> **YOUR GOAL**
Please report every line in the entries that contains the string "Gold".

### THE DATA

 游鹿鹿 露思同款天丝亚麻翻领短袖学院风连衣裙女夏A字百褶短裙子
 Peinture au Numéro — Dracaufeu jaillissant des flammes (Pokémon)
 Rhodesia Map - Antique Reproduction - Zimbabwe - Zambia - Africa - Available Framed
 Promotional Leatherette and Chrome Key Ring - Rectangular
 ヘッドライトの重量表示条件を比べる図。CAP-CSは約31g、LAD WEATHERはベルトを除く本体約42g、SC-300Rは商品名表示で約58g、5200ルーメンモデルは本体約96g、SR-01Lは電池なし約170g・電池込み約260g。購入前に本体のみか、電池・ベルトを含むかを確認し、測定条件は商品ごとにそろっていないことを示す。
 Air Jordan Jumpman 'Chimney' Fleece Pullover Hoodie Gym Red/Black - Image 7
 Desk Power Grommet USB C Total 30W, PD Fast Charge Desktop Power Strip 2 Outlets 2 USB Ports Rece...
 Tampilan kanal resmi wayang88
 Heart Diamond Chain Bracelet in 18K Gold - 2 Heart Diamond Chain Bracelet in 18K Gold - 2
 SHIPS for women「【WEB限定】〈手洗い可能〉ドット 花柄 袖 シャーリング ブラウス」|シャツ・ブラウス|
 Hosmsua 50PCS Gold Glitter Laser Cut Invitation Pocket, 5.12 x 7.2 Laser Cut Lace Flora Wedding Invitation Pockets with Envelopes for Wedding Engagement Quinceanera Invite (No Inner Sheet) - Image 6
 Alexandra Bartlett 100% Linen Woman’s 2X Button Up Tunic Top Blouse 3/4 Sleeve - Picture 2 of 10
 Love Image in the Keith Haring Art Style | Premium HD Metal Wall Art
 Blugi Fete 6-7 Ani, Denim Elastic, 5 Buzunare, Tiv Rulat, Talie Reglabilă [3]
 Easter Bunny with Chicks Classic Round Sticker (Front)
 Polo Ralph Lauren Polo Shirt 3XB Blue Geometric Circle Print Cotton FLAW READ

######

> **TASK RESULT**
 Heart Diamond Chain Bracelet in 18K Gold - 2 Heart Diamond Chain Bracelet in 18K Gold - 2
 Hosmsua 50PCS Gold Glitter Laser Cut Invitation Pocket, 5.12 x 7.2 Laser Cut Lace Flora Wedding Invitation Pockets with Envelopes for Wedding Engagement Quinceanera Invite (No Inner Sheet) - Image 6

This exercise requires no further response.